--- SUPPLIED RECORDS ---
* * * * *

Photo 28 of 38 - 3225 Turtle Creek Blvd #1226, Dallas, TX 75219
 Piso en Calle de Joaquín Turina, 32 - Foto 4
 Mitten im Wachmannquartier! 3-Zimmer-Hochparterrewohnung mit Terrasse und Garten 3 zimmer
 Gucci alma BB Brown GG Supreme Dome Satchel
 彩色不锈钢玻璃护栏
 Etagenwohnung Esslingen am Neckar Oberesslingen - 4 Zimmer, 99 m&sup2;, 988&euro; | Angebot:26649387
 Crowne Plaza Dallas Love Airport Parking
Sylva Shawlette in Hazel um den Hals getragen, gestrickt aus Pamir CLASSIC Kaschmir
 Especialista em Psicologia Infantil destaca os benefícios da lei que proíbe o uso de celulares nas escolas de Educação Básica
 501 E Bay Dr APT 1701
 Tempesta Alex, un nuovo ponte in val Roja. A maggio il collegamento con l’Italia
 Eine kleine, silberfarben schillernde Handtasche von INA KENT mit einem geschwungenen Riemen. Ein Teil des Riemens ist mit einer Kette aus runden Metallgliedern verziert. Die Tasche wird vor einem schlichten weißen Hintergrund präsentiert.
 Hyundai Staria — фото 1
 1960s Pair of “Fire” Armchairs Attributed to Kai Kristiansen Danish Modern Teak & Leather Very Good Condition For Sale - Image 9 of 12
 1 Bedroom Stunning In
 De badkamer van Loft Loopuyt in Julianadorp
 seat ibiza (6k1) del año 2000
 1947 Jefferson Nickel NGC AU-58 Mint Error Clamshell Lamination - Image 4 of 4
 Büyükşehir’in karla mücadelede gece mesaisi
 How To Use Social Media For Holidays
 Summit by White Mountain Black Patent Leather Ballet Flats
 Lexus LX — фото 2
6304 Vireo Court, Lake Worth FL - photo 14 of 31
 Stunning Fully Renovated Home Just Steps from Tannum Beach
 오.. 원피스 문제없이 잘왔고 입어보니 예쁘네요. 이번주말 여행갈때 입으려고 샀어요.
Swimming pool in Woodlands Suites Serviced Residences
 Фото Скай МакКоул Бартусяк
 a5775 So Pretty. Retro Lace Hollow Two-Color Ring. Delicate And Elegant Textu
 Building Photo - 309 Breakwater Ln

* * * * *

Out of the preceding entries, pull each line that contains the word "Stunning".

 1 Bedroom Stunning In
 Stunning Fully Renovated Home Just Steps from Tannum Beach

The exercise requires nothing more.